1850s - War with Cheyenne

      With the buffalo being driven to extinction by white hunters, the Cheyenne and Arapaho pushed back.  Half a dozen violent encounters took place between Indians and settlers on the Oregon Trail.  The federal government was not honoring its obligations under the Fort Laramie treaty, and something had to be done about protecting the buffalo or the Indians would soon perish.

click here for more on the war with the Cheyenne

       Jefferson Davis' last official act as secretary of war was to direct a campaign against the Cheyenne in order to punish them for hostilities against whites settlers .  The Cheyenne must be '"severely punished," said Davis, "and no trifling or partial punishment will suffice." 

Homesteaders Crossing Indian Lands

   Settlers unlawfully encroaching on Cheyenne lands provoked open conflcts on the high plains that ultimately led to open warfare.

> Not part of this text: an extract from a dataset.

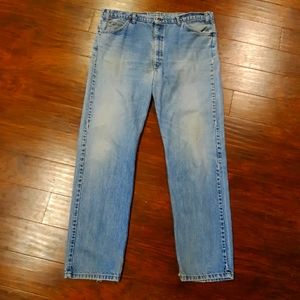 Vintage Levi's 505 straight leg blue jeans.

The federal government found itself in the untenable position of protecting white settlers guilty of violating treaties and while going to war against those who had upheld American laws.  "We do not understand you white people," said the great Crow chief, Plenty-Coups.  "You break your laws and you violate your religion.  You fool no one but yourselves."     

         By right of the treaty at Horse Creek, the Cheyenne and Arapaho held title to the land between the North Platte and the Arkansas rivers.  In 1854, the eastern boundary of their territory had crumbled under the weight of settlers in the Kansas Territory, and the federal government did nothing to protect their resources.  The migration routes of the buffalo - across the central plains of Kansas and Nebraska - was now broken in two by emigrant trails which the buffalo would not cross.  Their winter camping grounds on the eastern slope of the Rockies had been taken over by gold diggers.   By 1859, more than 100,000 'fifty-niner's' were camped in the Pike's Peak country.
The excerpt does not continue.